Mais de 9 bilhões. É este o numero de habitantes que a Organização das Nações Unidas (ONU) prevê para o planeta em 2050. A matemática é básica, mas nem um pouco simples: são 2 bilhões a mais de pessoas do que população mundial atual, ao passo que as áreas disponíveis para agricultura já estão quase esgotadas.
Para dar conta de tanta gente, a produção de alimentos terá que subir em 60% de acordo com a FAO, braço da ONU para a alimentação. Além do desafio da produtividade, num mundo em que, segundo especialistas, a oferta será bem mais controlada, o mesmo prato de comida – exatamente com os mesmos itens – terá que ser muito mais nutritivo.
O exercício é pensar décadas à frente, mas os exemplos de hoje já são preocupantes. “Um terço da população mundial sofre com a deficiência de nutrientes, principalmente o ferro. É um problema seríssimo”, afirma a pesquisadora Vânia Moda Cirino, do Instituto Agronômico do Paraná (Iapar). “As principais variedades de feijão oferecem, para cada 100g, um teor de 6mg de ferro. A necessidade do organismo é de pelo menos 12mg por dia. Teríamos que comer o dobro”, acrescenta. O que, no futuro, pode não ser possível.
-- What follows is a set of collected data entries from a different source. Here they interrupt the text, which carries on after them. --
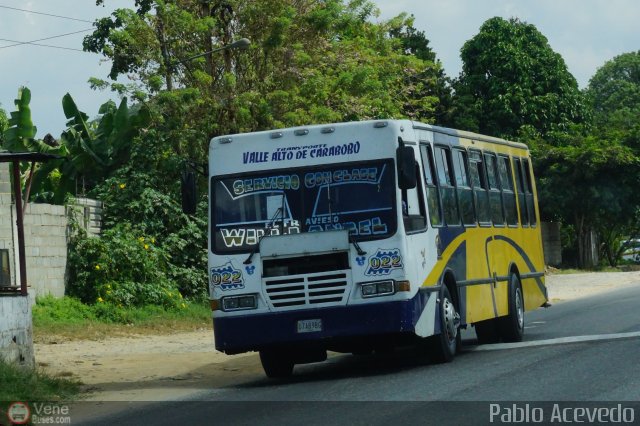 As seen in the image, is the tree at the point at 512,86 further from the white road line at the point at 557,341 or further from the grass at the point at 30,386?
the grass at the point at 30,386

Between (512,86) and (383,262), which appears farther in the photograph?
(512,86)

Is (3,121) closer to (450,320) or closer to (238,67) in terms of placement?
(238,67)

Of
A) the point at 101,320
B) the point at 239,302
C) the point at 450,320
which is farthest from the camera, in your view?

Humanidade terá que rever velhos hábitos de consumo
Enquanto 800 milhões de pessoas ainda passam fome no mundo, segundo a ONU, muito do que se produz vai parar na lata de lixo. “Uma pesquisa que fizemos em mais de 50 países mostrou que o desperdício de alimentos chega a um terço da produção, principalmente nos mais desenvolvidos”, frisa o representante da FAO no Brasil, Alan Bojanic, que, neste mês, participa do Fórum de Agricultura da América do Sul, em Curitiba.
“É possível acabar com a fome. Mas precisamos de muita tecnologia, respeito às leis ambientais e o fim do desperdício”, reforça Bojanic. Neste cenário e diante do crescimento populacional esperado, a América do Sul surge como polo produtivo e de conhecimento. “A região conseguiu resultados importantes no combate à desnutrição e é aqui que há condições para suprir a demanda de alimentos no mundo”, complementa.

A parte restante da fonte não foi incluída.